Hi fellows, I would like to use example datasets d...
# questions
f
Hi fellows, I would like to use example datasets defined in
data/
through the catalog in some "unit tests" (does it make sense?). To do so, I thought about using the
test_run
example from the documentation (created from
kedro new
) to load the
catalog
through the context. Is it the correct way to do it? Thanks in advance.
j
Hi Flavien! Can you give an example of exactly what you want to test in your data? Maybe you can use Hooks + Great Expectations instead?
f
Let's say I want to unit test such a node/function
Copy code
def filter_out_flagged_data(
    hourly_measures: DataFrame, excluded_flags: list[str]
) -> DataFrame:
    return hourly_measures.filter(
        ~arrays_overlap(
            col("flags_array"), array([lit(flag) for flag in excluded_flags])
        )
    ).drop(col("flags_array"))
To do so, I would like to use a test dataset from a JSON file which is defined in a catalog through
Copy code
hourly_measures:
  type: spark.SparkDataSet
  filepath: data/01_raw/hourly_measures_test.json
  file_format: json
  load_args:
    header: True
    multiline: True
It would be a pytest fixture using the catalog to load the data instead of including the JSON/dict content inside the fixture itself.
j
@Nok Lam Chan how would you approach this?
n
so what I will do is having a catalog fixture (syntax may not be exactly correct I am just typing it out here)
Copy code
@pytest.fixture
def context():
   session = KedroSession.create(..., env="test")

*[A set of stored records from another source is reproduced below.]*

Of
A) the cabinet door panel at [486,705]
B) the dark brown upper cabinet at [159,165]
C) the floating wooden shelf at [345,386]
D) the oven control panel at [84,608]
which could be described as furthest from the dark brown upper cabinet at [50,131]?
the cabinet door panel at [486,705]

   return session.load_context()

def catalog(context):
   return context.catalog

def test_my_dataset(catalog):
   dataset = catalog.load("some_json_dataset")
   ... # do your work here
@Jose Nuñez @Flavien
👍 1
f
Cool, that's what I had in mind. Thanks for the confirmation!
n
Meanwhile there are some discussion to create a Testing client to provide a python API to manipulate Kedro project in a easier way - very early discussion right now, not sure if the community need this.